Faktor penyebab terjadinya pelanggaran larangan ini antara lain adalah faktor cinta, globalisasi, dan perpindahan penduduk. Namun, upaya pencegahan terus dilakukan melalui pendidikan adat dan seminar sosial untuk mengingatkan masyarakat, terutama generasi muda, agar tidak melanggar aturan adat ini.
 Larangan menikah sesama marga Parna didasarkan pada hubungan darah yang dianggap seperti saudara kandung. Sanksi pelanggaran berupa pengucilan sosial dan tidak boleh mengikuti kegiatan adat marga Parna.  Larangan ini merupakan perjanjian leluhur Raja Nai Ambaton yang dijaga ketat hingga kini.  Faktor pelanggaran antara lain cinta dan pengaruh globalisasi, namun ada upaya sosialisasi dan pendidikan adat untuk pencegahan. Larangan ini menjaga kemurnian garis keturunan dan tatanan sosial adat Batak. Â
seperti pada film layar lebar yang berjudul mursala yang dimana bercerita kan tentang laki laki dan perempuan yang sama sama marga dan Boru Parna yang jatuh cinta ,dimana mereka sudah bersama sejak kecil hingga mereka dewasa dan sukses tetapi karena mereka sama sama Parna menjadi penghalang atas cinta mereka, orang tua serta para tetua adat melarang keras mereka untuk bersatu. mereka dilarang bersama karena mereka adalah namariboto atau saudara.

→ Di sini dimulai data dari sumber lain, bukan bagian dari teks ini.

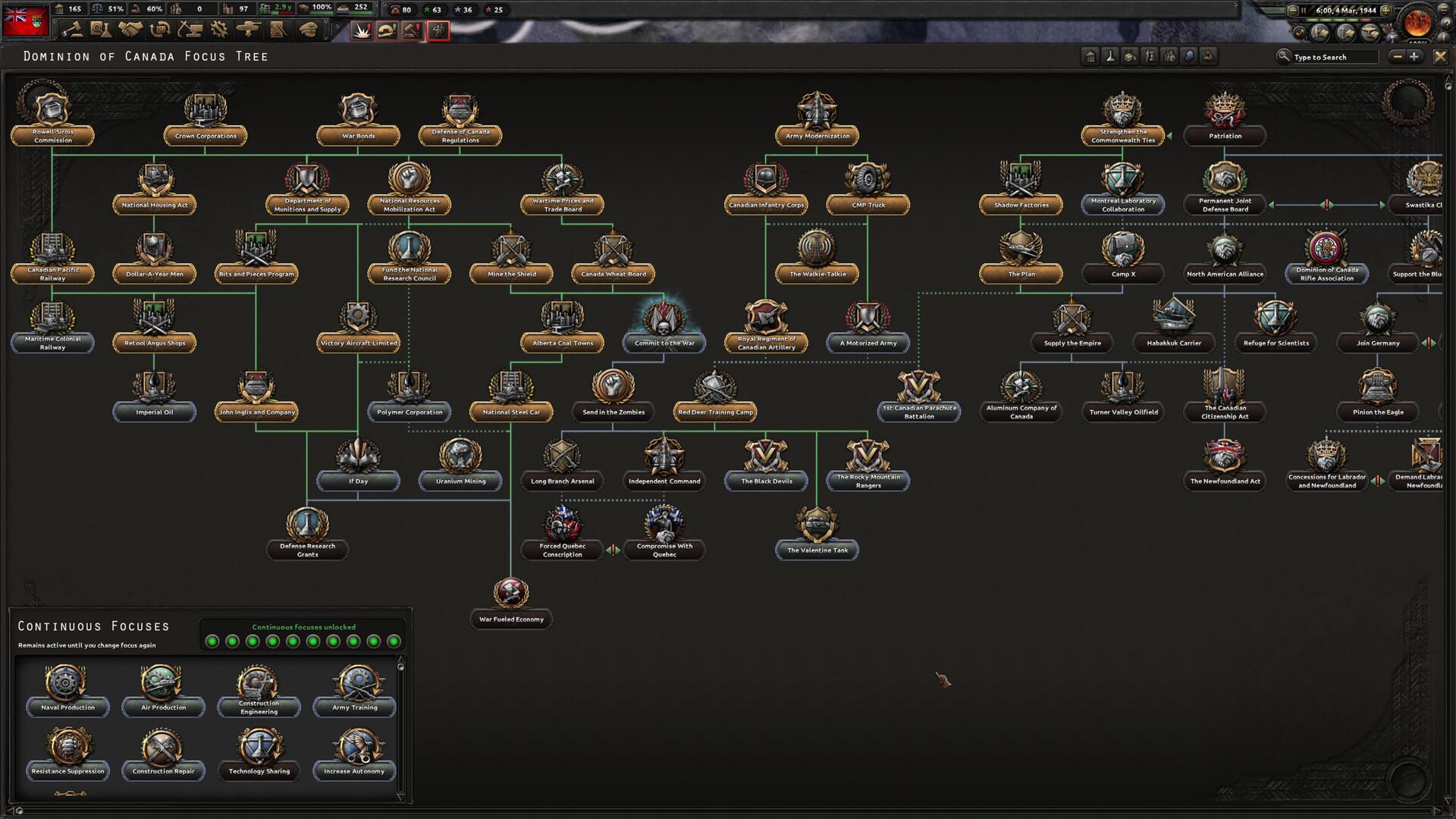 Picture of Hearts of Iron IV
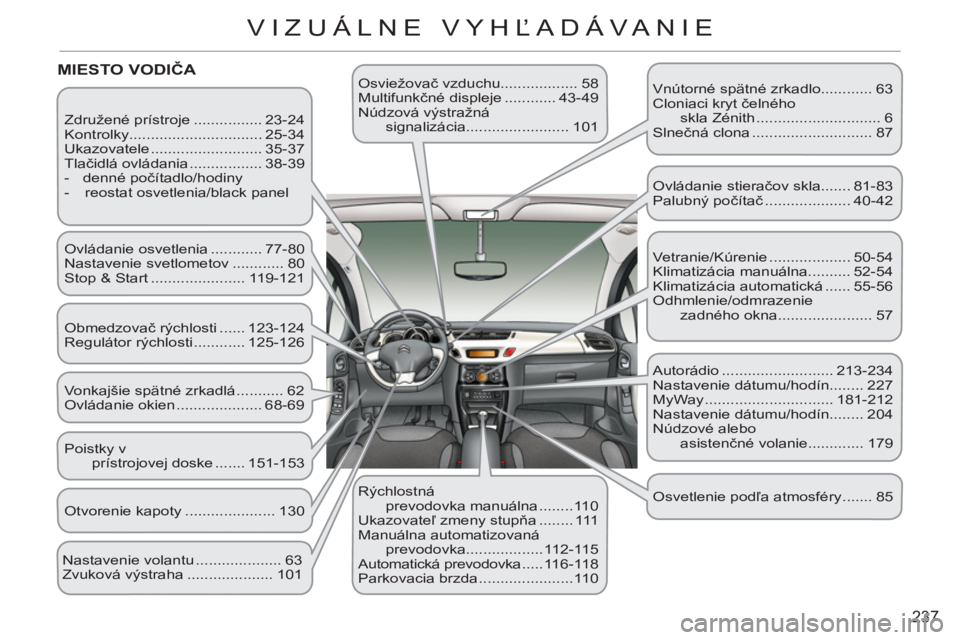 CITROEN C3 2013 Návod na použitie (in Slovak) 237
VIZUÁLNE VYHĽADÁVANIE
Združené prístroje ................ 23-24
Kontrolky............................... 25-34
Ukazovatele .......................... 35-37
Tlačidlá ovládani CITROEN C3 2013 Návod na použitie (in Slovak) 237
VIZUÁLNE VYHĽADÁVANIE
Združené prístroje ................ 23-24
Kontrolky............................... 25-34
Ukazovatele .......................... 35-37
Tlačidlá ovládani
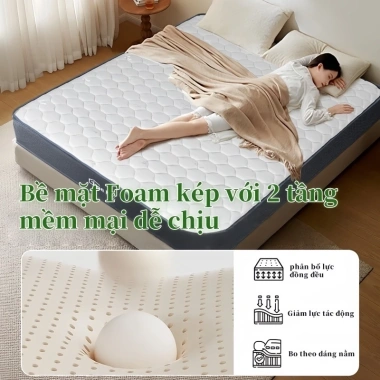Nệm lò xo KADE 19cm liên kết - Nâng đỡ giấc ngủ, giá tốt, bảo hành 10 năm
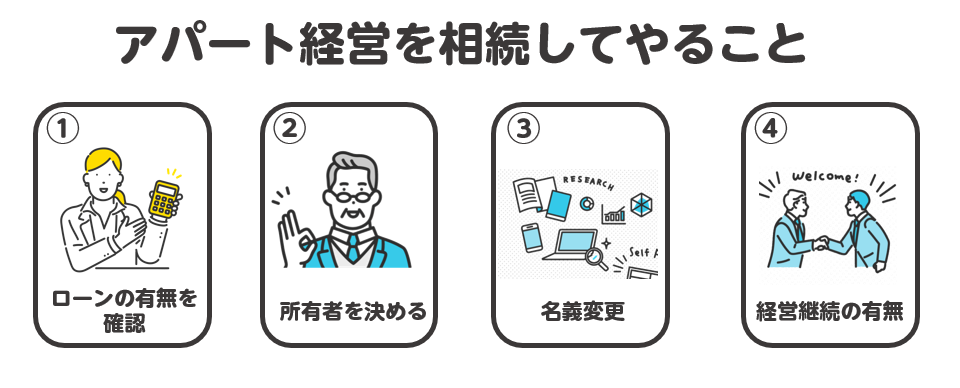 アパート経営を相続してやること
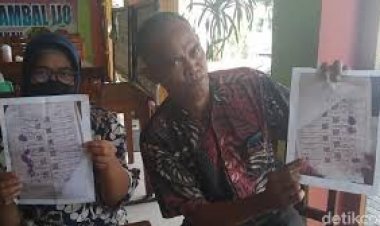 WOW! Modus Kades di Blitar Diduga Gelapkan Dana BST, Simak di Sini....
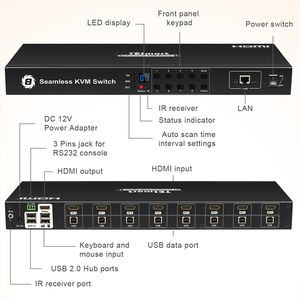 TESMartOEMODM高品質入力8出力1 HDMI KVMスイッチ (オフィス用) PIPEDIDホットプラグ4K @ 30HzKVMスイッチ - Product Image 4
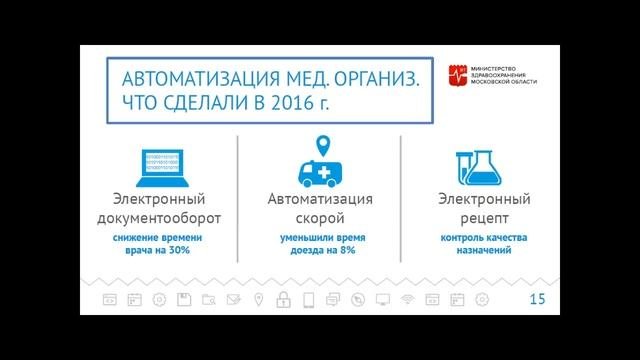 «Основная функция IT: обеспечение эффективности принятия управленческих решений в здравоохранении»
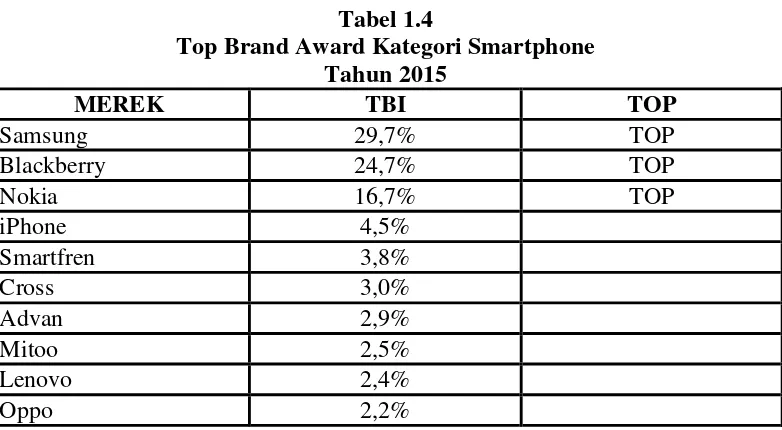 Tabel 1.4 Top Brand Award Kategori Smartphone 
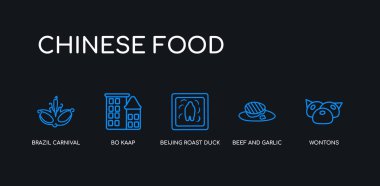5 anahat vuruş mavi wontons, sığır eti ve sarımsak, pekin rosto ördek, bo kaap, siyah arka plan üzerinde Çin gıda koleksiyonundan Brezilya karnaval maskesi simgeleri. çizgi düzenlenebilir doğrusal ince simgeler.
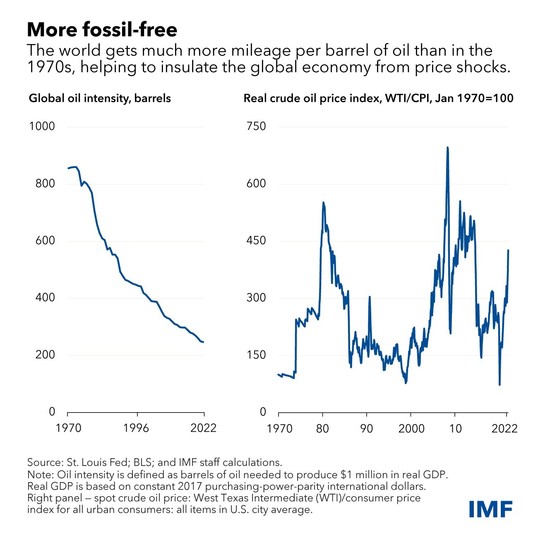 chart of global oil intensity and real crude oil price index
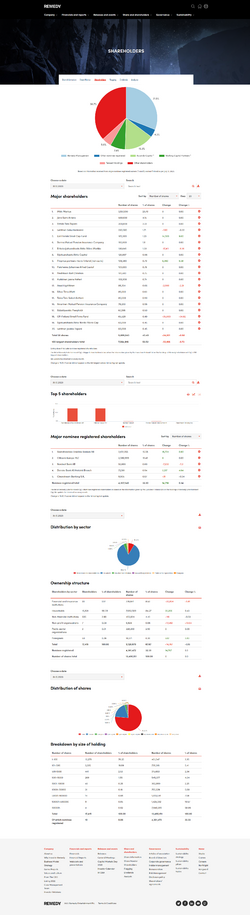 2023-11-01 23.25.44 investors.remedygames.com 2225300c4a85.png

Namariboto merupakan serangkai/sekelompok marga yang menghasilkan setiap marga di kelompok marga tersebut begitu juga dengan saudara dan di anggap semarga. Seumpama kelompok simbolon terdiri dari marga sitanggang dan lainnya. Maka di antara marga tersebut memenuhi syarat pernikanan secara semarga. Masyarakat batak juga menghindari adanya perjanjian pernikahan. Perjanjian tersebut diartikan sebagai hubungan persaudaraan antara dua marga yang bertentangan leluhur dan saling berjanji untuk menikahi keturunan mereka dengan alasan tertentu.
Dalam pelaksanaan adat, terdapat 14 tahapan dalam sistem perkawinan Batak Toba yang harus dipenuhi, termasuk pemeriksaan marga calon mempelai untuk memastikan tidak terjadi pernikahan sesama marga. Jika larangan ini dilanggar, sanksi adat langsung diberlakukan tanpa proses yang rumit. Pasangan yang menikah sesama marga Parna akan dikenai sanksi berupa pengucilan sosial, yaitu dikeluarkan dari ikatan keluarga besar Parsadaan Parna dan tidak diperbolehkan mengikuti kegiatan adat marga tersebut. Biasanya pasangan yang melanggar akan memilih merantau ke tempat lain untuk menghindari tekanan sosial dan sanksi adat.
Beberapa faktor yang menyebabkan terjadinya pelanggaran larangan ini antara lain faktor cinta, perpindahan atau perantauan, dan pengaruh globalisasi yang membuka interaksi lebih luas antar suku dan budaya. Meski demikian, para tokoh adat dan Raja Parhata berupaya mencegah pelanggaran ini dengan memberikan edukasi sejak dini dan mengadakan seminar sosialisasi adat agar generasi muda memahami pentingnya aturan ini
ini menegaskan bahwa adat Batak, khususnya marga Parna, sangat menjaga aturan perkawinan sesama marga demi kelestarian budaya dan keharmonisan sosial. Pelanggaran terhadap larangan ini tidak hanya soal hukum adat, tetapi juga soal menjaga kehormatan dan hubungan kekeluargaan dalam masyarakat Batak.